TASK DIRECTIONS
Go through the entries below and copy every line that holds the word "Coach".

-------

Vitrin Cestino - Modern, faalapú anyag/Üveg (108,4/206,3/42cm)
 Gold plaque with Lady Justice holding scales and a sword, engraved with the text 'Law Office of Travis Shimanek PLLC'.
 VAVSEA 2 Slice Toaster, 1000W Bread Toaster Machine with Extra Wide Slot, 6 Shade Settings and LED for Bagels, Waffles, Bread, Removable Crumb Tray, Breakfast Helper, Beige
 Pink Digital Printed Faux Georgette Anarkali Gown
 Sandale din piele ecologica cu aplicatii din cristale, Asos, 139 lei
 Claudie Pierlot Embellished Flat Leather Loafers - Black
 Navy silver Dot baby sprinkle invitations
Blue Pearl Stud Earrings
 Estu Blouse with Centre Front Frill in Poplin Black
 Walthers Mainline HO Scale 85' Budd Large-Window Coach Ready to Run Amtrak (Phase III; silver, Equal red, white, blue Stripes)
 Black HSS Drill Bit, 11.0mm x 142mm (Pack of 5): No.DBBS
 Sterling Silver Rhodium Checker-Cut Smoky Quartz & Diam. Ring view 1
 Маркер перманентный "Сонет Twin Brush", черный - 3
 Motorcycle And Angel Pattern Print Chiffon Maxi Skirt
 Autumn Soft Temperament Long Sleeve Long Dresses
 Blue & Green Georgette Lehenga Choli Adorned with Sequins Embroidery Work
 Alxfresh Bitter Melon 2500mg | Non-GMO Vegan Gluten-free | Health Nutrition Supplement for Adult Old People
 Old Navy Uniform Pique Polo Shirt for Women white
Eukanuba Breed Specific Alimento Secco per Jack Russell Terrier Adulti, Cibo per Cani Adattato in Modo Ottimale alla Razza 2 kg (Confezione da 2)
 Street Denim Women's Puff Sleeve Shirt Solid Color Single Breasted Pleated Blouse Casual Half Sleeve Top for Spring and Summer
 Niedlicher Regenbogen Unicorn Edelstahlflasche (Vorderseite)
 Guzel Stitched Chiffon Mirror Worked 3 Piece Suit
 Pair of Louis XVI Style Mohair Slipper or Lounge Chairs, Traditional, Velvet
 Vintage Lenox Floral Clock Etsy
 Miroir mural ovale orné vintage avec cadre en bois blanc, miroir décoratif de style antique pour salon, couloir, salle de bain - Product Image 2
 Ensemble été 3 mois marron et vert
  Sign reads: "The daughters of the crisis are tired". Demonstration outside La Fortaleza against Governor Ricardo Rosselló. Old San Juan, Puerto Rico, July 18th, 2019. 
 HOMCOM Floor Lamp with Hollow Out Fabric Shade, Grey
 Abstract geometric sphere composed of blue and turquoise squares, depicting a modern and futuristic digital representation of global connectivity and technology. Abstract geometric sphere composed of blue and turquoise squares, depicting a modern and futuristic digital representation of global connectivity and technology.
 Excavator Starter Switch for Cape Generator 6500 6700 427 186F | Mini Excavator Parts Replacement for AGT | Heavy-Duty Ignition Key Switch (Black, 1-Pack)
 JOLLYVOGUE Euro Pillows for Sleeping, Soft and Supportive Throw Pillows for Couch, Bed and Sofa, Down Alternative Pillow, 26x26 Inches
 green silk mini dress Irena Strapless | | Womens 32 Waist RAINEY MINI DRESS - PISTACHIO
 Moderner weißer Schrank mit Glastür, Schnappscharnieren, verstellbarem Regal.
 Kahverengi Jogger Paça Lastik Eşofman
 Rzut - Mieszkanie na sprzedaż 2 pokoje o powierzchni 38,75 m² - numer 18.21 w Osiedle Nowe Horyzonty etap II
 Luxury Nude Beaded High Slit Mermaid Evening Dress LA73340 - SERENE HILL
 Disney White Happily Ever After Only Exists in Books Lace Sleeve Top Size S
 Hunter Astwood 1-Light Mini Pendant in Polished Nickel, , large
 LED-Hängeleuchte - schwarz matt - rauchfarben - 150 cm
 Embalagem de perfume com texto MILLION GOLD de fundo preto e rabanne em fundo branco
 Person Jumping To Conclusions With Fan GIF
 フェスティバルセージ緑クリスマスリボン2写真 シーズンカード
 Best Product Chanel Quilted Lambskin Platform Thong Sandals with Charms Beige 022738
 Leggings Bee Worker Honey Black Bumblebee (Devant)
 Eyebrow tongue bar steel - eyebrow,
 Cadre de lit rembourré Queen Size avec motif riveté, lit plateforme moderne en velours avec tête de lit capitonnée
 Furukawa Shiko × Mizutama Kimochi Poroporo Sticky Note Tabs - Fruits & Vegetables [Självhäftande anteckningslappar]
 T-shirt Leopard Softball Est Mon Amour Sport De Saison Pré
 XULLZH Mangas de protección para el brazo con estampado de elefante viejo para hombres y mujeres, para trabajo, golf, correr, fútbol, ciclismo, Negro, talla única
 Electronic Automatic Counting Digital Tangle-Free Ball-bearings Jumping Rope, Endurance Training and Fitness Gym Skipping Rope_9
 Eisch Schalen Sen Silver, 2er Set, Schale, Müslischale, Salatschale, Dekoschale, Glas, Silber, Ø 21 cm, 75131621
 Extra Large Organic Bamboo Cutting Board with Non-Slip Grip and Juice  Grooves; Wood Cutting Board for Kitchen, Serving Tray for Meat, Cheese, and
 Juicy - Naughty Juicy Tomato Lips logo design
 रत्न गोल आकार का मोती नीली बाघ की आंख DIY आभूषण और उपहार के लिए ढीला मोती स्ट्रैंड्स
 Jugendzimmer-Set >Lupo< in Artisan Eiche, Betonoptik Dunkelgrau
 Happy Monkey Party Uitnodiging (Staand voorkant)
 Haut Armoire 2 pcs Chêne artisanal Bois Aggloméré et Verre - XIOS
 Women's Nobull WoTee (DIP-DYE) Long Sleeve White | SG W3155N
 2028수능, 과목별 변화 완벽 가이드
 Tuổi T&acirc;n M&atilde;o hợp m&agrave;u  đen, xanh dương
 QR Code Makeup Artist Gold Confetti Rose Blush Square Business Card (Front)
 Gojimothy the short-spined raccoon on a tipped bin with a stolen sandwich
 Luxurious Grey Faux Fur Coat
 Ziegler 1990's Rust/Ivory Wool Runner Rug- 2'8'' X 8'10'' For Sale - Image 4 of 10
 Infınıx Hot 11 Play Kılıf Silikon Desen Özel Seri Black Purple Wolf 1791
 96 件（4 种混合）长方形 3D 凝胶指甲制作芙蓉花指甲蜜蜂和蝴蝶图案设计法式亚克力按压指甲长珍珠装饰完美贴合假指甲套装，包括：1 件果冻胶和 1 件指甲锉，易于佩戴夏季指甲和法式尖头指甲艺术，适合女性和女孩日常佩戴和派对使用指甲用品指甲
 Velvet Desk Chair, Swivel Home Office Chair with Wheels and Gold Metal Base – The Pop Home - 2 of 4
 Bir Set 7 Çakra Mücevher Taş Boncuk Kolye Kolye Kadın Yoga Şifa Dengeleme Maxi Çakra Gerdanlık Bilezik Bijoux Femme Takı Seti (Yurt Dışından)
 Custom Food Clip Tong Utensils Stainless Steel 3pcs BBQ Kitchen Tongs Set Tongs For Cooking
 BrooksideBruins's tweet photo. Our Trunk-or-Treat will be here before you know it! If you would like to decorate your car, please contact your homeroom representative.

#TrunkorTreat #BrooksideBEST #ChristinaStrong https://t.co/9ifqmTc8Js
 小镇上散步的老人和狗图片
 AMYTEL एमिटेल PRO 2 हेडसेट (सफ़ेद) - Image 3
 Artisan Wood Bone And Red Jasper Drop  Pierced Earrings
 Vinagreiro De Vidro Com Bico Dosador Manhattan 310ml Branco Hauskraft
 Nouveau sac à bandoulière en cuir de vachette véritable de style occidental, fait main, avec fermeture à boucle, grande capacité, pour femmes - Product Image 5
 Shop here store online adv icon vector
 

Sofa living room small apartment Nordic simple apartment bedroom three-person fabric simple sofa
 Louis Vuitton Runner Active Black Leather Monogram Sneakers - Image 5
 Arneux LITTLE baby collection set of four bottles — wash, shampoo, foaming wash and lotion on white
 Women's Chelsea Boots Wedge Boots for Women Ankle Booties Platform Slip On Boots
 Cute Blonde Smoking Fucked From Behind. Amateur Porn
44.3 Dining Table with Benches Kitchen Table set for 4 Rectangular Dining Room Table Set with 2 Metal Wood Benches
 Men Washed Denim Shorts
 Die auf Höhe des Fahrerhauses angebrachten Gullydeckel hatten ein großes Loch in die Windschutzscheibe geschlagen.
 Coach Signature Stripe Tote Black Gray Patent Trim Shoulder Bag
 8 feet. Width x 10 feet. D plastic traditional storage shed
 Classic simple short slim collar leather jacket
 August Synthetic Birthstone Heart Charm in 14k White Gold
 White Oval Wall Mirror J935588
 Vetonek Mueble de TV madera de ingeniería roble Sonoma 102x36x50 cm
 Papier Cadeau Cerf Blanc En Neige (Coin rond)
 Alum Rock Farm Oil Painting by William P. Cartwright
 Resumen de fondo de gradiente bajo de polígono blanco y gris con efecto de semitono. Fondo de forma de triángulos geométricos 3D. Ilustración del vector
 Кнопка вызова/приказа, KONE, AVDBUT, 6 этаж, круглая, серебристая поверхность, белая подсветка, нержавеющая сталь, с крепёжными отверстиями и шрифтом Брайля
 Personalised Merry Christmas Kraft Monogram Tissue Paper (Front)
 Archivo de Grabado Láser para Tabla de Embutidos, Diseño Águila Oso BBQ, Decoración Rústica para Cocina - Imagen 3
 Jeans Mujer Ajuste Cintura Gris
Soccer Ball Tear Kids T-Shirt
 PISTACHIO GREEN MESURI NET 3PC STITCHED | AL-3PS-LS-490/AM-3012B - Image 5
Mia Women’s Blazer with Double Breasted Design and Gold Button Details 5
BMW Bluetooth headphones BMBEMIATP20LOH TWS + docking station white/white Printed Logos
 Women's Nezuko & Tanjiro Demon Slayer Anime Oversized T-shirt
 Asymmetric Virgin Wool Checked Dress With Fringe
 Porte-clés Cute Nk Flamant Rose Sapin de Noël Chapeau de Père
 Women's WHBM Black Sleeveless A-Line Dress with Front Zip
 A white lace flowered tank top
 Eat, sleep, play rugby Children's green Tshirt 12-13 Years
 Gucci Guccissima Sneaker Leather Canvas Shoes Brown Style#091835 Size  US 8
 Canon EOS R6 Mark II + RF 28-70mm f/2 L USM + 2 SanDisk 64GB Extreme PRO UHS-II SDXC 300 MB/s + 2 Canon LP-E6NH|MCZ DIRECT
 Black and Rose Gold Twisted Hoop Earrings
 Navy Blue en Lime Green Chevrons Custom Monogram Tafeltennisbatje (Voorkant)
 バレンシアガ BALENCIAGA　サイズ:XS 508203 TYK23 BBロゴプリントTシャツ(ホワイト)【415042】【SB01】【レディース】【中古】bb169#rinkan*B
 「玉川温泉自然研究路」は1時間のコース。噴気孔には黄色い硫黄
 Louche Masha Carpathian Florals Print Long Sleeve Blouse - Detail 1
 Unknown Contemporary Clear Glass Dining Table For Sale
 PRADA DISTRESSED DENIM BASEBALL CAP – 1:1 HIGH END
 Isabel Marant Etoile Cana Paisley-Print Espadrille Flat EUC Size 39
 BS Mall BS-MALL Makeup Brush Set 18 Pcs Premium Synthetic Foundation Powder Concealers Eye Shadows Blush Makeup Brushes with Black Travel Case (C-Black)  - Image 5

-------

ANSWER TO THE PROBLEM
 Walthers Mainline HO Scale 85' Budd Large-Window Coach Ready to Run Amtrak (Phase III; silver, Equal red, white, blue Stripes)
 Coach Signature Stripe Tote Black Gray Patent Trim Shoulder Bag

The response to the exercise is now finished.